Describe an algorithm to save a Binary Search Tree (BST) to a file in terms of run-time and disk space complexity. You must be able to restore to the exact original BST using the saved format.

Question need to be understand clearly .We Have to Transfer the Whole BST/BT across the network this is where he asked to implement the serialization on Tree & the transfer to another host on recipient side we use deserialization . to implement serialization on tree we need to save it in file & restoring the exact tree on receiving side .important question arises that which traversal we have to use here pre,in or post ?? only one is best are u able to think of it ???

let me explain lets we have tree is
_30_
/ \
20 40
/ / \
10 35 50

In-order traversal
If we do an in-order traversal, we will output 10 20 30 35 40 50. There is no way of telling how the original BST structure looks like, as the following unbalanced BST is one of the possible BST sets from the output 10 20 30 35 40 50.

_50
/
40
/
35
/
30
/
20
/
10

Post-order traversal:
If we do a post-order traversal, we will output the leaf nodes before its parent node. Specifically, we will output 10 20 35 50 40 30 using post-order traversal. Imagine we’re reading the nodes to construct the tree back. See the problem that we are reading the leaf nodes before its parent? There’s too much trouble to create the child nodes before its parent. Remember that the BST insertion algorithm works by traversing the tree from the root to the correct leaf to insert.

Pre-order traversal:
Pre-order traversal is the perfect algorithm for making a copy of a BST. The output of a pre-order traversal of the BST above is 30 20 10 40 35 50. Please note the following important observation:
A node’s parent is always output before itself.

Therefore, when we read the BST back from the file, we are always able to create the parent node before creating its child nodes. The code for writing a BST to a file is exactly the same as pre-order traversal.

Ps: we can solve this problem with any traversal if we need to given an array to store in array instead of file isn't it think ?? why

on receiving side Reading a BST from a file:
The question now is, how would you reconstruct a BST back from the file? Assume that we have the following pre-order traversal output of the BST earlier: 30 20 10 40 35 50.
so answer is
When we encounter a new node to insert, we should always place it into the first empty space which it will fit using a pre-order traversal. How do we determine the first empty space which a node will fit in? We can use the ordinary BST insertion algorithm, but the run-time complexity will be O(n lg n), since inserting a node takes O(lg n) time. Not efficient enough! so we need some more efficient algorithm
yes we can do it using what we used to solve "Determine if a Binary Tree is a Binary Search Tree (BST)?"

so what will be the efficent algo then here it is
We use the same idea here. We pass the valid range of the values from the parent node to its child nodes. When we are about to insert a node, we will check if the insert value is in the valid range. If it is, this is the right space to insert. If it is not, we will try the next empty space. Reconstructing the whole BST from a file will take only O(n) time.

void readBSTHelper(int min, int max, int &insertVal,
BinaryTree *&p, ifstream &fin) {
if (insertVal > min && insertVal < max) { int val = insertVal; p = new BinaryTree(val); if (fin >> insertVal) {
readBSTHelper(min, val, insertVal, p->left, fin);
readBSTHelper(val, max, insertVal, p->right, fin);
}
}
}

void readBST(BinaryTree *&root, ifstream &fin) {
int val;
fin >> val;
readBSTHelper(INT_MIN, INT_MAX, val, root, fin);
}

Time Complexity O(N)
Space Complexity O(1)

Saturday, July 9, 2011

Given two sorted positive integer rrays A(n) and B(n).
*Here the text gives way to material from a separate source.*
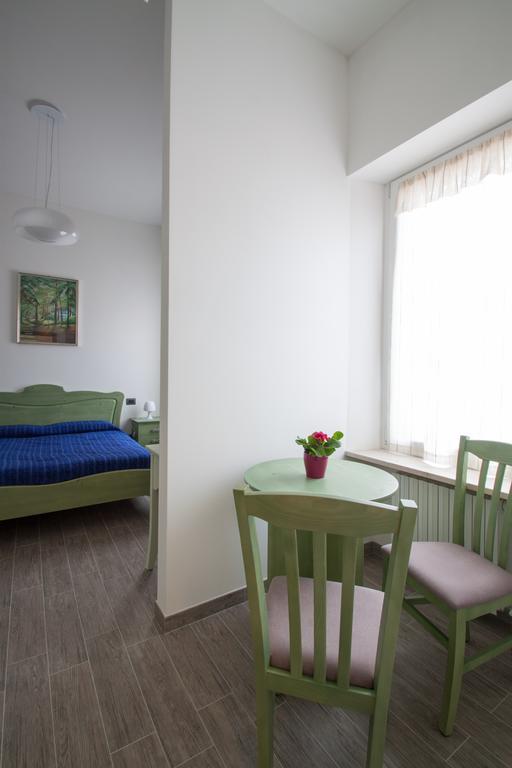 Palazzo Di Primavera Guest House Caprino Veronese Room photo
We define a set S = {(a,b) such that a in A and b in B}. Obviously there are n^2 elements in S. The value of such a pair is defined as Val(a,b) = a + b. Now we want to get the n pairs from S with largest values. The tricky part is that we need an O(n) algorithm.

Write a program that converts a given tree to its Double tree. To create Double tree of the given tree, create a new duplicate for each node, and insert the duplicate as the left child of the original node.

e.g below tree

1
/ \
2 3
/ \
4 5
is changed to

1
/ \
1 3
/ /
2 3
/ \
2 5
/ /
4 5
/
4

Algorithm:
Recursively convert the tree to double tree in postorder fashion. For each node, first convert the left subtree of the node, then right subtree, finally create a duplicate node of the node and fix the left child of the node and left child of left child.

#include
#include

/* A binary tree node has data, pointer to left child
and a pointer to right child */
struct node
{
int data;
struct node* left;
struct node* right;
};

/* function to create a new node of tree and returns pointer */
struct node* newNode(int data);

/* Function to convert a tree to double tree */
void doubleTree(struct node* node)
{
struct node* oldLeft;

if (node==NULL) return;

/* do the subtrees */
doubleTree(node->left);
doubleTree(node->right);

/* duplicate this node to its left */
oldLeft = node->left;
node->left = newNode(node->data);
node->left->left = oldLeft;
}

/* UTILITY FUNCTIONS TO TEST doubleTree() FUNCTION */
/* Helper function that allocates a new node with the
given data and NULL left and right pointers. */
struct node* newNode(int data)
{
struct node* node = (struct node*)
malloc(sizeof(struct node));
node->data = data;
node->left = NULL;
node->right = NULL;

return(node);
}

/* Given a binary tree, print its nodes in inorder*/
void printInorder(struct node* node)
{
if (node == NULL)
return;
printInorder(node->left);
printf("%d ", node->data);
printInorder(node->right);
}

/* Driver program to test above functions*/
int main()
{

/* Constructed binary tree is
1
/ \
2 3
/ \
4 5
*/
struct node *root = newNode(1);
root->left = newNode(2);
root->right = newNode(3);
root->left->left = newNode(4);
root->left->right = newNode(5);

printf("Inorder traversal of the original tree is \n");
printInorder(root);

doubleTree(root);

printf("\n Inorder traversal of the double tree is \n");
printInorder(root);

getchar();
return 0;
}
Time Complexity: O(n) where n is the number of nodes in the tree.

Friday, July 8, 2011

An array of size n+1 has integers only from 1 to n. The integers 1 to n can be present 0 or more times in the array. Find the first repeating element in the array. Restrictions: O(n) algo required. Cannot use extra space(not even O(1)) but how you will do if we have to find the all repeating number in given constraints?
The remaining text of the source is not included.